O site passou a fornecer sua plataforma para outras empresas que queiram entrar no mercado de compras coletivas

São Paulo – Um dos maiores fenômenos do mercado de internet nos últimos tempos foi a onda dos sites de compras coletivas. Desde a criação do Grupon, nos Estados Unidos, em 2009, milhares de empreendedores se arriscaram a copiar o modelo. Já com ações na Bolsa, o Groupon segue no mercado, mas muitos se deram mal no setor.

Um levantamento feito pelo InfoSaveMe indica que existem 800 sites do tipo no Brasil. No final do ano passado, eram 1050 negócios. A queda tem se reforçado a cada mês, mas há quem acredite que o mercado está bem consolidado.

Assim como muitos empreendedores, Antonio Mouallem e Rodrigo Monzoni criaram o Oferta Única em junho de 2010.

Com tantos competidores, os empresários encontraram uma brecha para sobreviver no mercado. “A partir do meio do ano passado a gente percebeu uma oportunidade em outra linha, que é a plataforma customizada”, diz Mouallem, CEO do site. O Oferta única soma mais de 400 ofertas diárias e já recebeu investimento de mais de 20 milhões de reais em estrutura.

O primeiro trabalho foi criar um site exclusivo para o apresentador Carlos Massa, o Ratinho. “Ele tinha um apelo de marketing e isso deu muito certo”, conta. Além do apresentador, outras 30 companhias como Banco BMG, Ticket, Grupo Silvio Santos e Grupo Multi criaram seus próprios sites usando a plataforma. “Buscamos parceiros estratégicos, com forte em marketing ou na área comercial”, conta.

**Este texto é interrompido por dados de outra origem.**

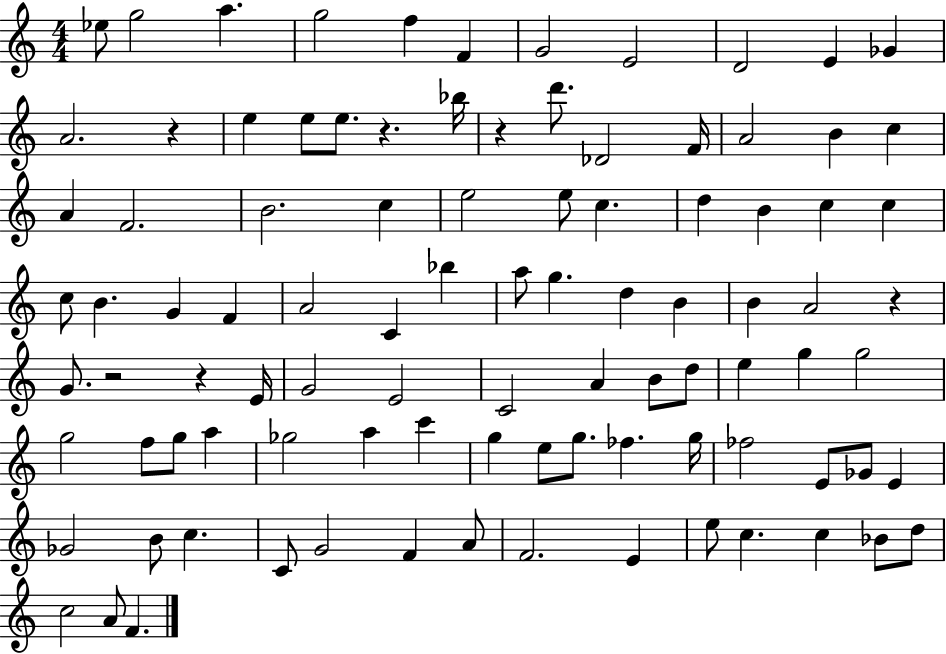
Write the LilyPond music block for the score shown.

{
  \clef treble
  \numericTimeSignature
  \time 4/4
  \key c \major
  ees''8 g''2 a''4. | g''2 f''4 f'4 | g'2 e'2 | d'2 e'4 ges'4 | \break a'2. r4 | e''4 e''8 e''8. r4. bes''16 | r4 d'''8. des'2 f'16 | a'2 b'4 c''4 | \break a'4 f'2. | b'2. c''4 | e''2 e''8 c''4. | d''4 b'4 c''4 c''4 | \break c''8 b'4. g'4 f'4 | a'2 c'4 bes''4 | a''8 g''4. d''4 b'4 | b'4 a'2 r4 | \break g'8. r2 r4 e'16 | g'2 e'2 | c'2 a'4 b'8 d''8 | e''4 g''4 g''2 | \break g''2 f''8 g''8 a''4 | ges''2 a''4 c'''4 | g''4 e''8 g''8. fes''4. g''16 | fes''2 e'8 ges'8 e'4 | \break ges'2 b'8 c''4. | c'8 g'2 f'4 a'8 | f'2. e'4 | e''8 c''4. c''4 bes'8 d''8 | \break c''2 a'8 f'4. | \bar "|."
}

Neste modelo, o Oferta Única passa a ser um gerenciador de vários sites de compras coletivas específicos, fornecendo sistemas e outros recursos. “O site fica com a parte comercial e de marketing próprios e o restante é compartilhado”, explica.


Esta foi a solução que os empreendedores encontraram não só para permanecer no mercado, mas também para crescer. “Nosso objetivo é ampliar através dos sites locais. A abrangência hoje é de 65 cidades e a expectativa é chegar a outras 200, além de 500 mil cupons por mês até o final do ano”, diz.

Além dos sites customizados, a chamada Plataforma Oferta Única administra também campanhas provisórias de empresas que querem usar as compras coletivas para publicidade.

“É um mercado que a entrada de muito amador prejudicou a imagem para o consumidor. A nossa expectativa é que esses amadores já saíram ou estão saindo e o consumidor vai voltar a olhar para as compras coletivas”, defende.

Neste novo formato, a receita do site é dividida em três: uma parte é do próprio Oferta Única, outra é paga para as equipes de cada site e, por fim, a parcela que sobra para o estabelecimento que anuncia.